**Work request**
Find "La princesse Victoria" in the material below, then write out that line and every line after it exactly, ending with the last one; skip the pictures.

**Dataset section**
::::
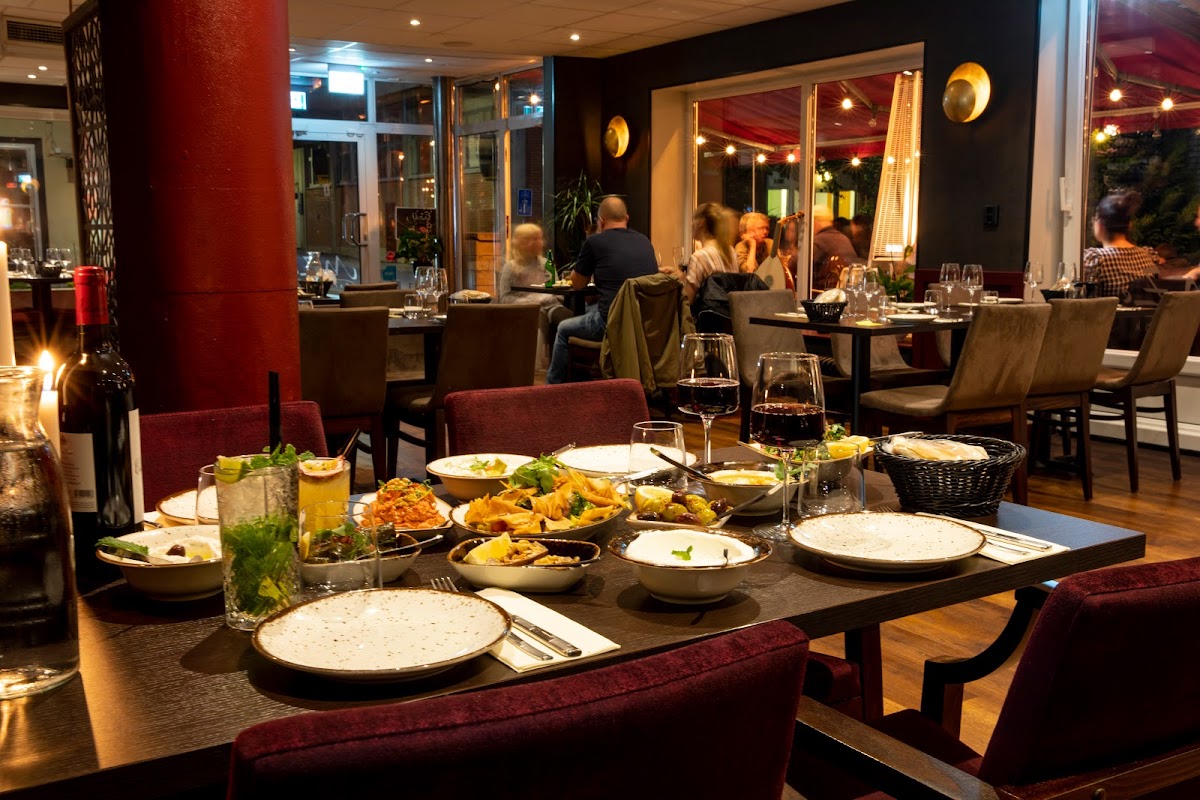 Meze Bar Och Kök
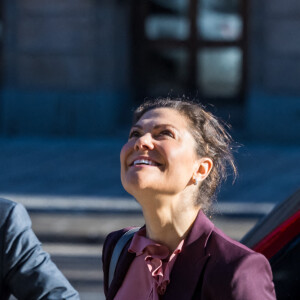 La princesse Victoria de Suède et le prince Daniel visitent une école de commerce à Stockholm le 9 mars 2022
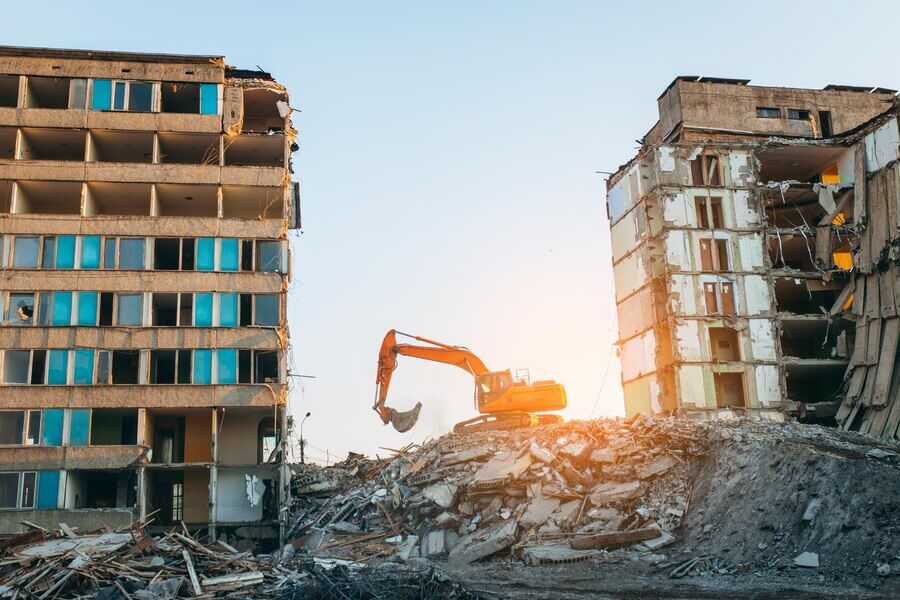 تخریب ساختمان های غول پیکر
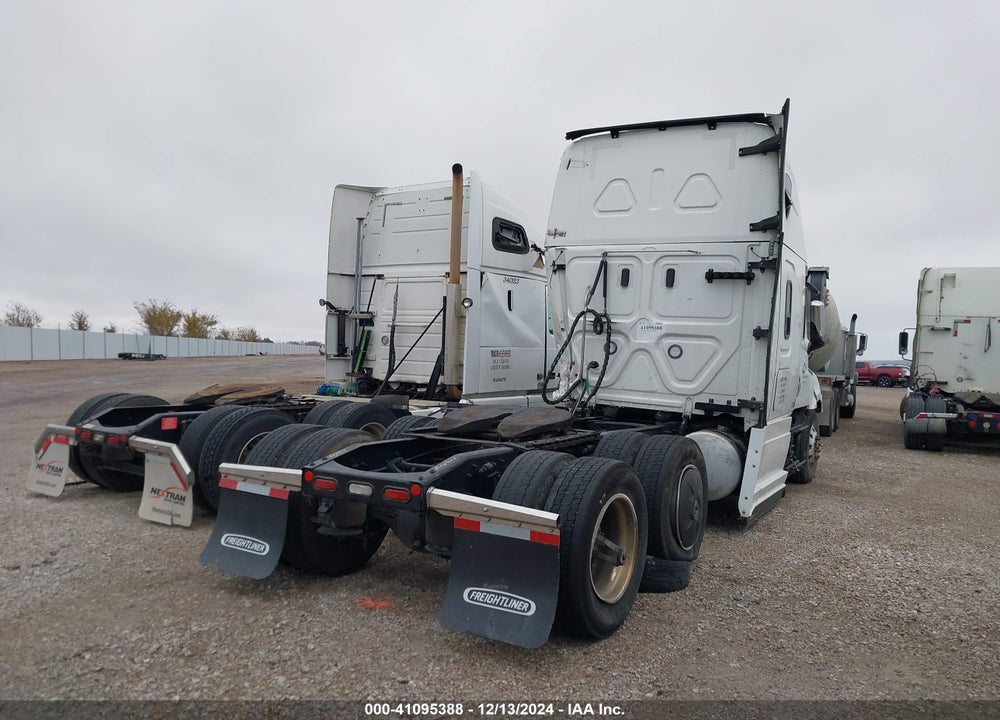 2023 FREIGHTLINER NEW CASCADIA 126 VIN: 3AKJHHDR5PSUP4889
::::
**Answer section**
 La princesse Victoria de Suède et le prince Daniel visitent une école de commerce à Stockholm le 9 mars 2022
 تخریب ساختمان های غول پیکر
 2023 FREIGHTLINER NEW CASCADIA 126 VIN: 3AKJHHDR5PSUP4889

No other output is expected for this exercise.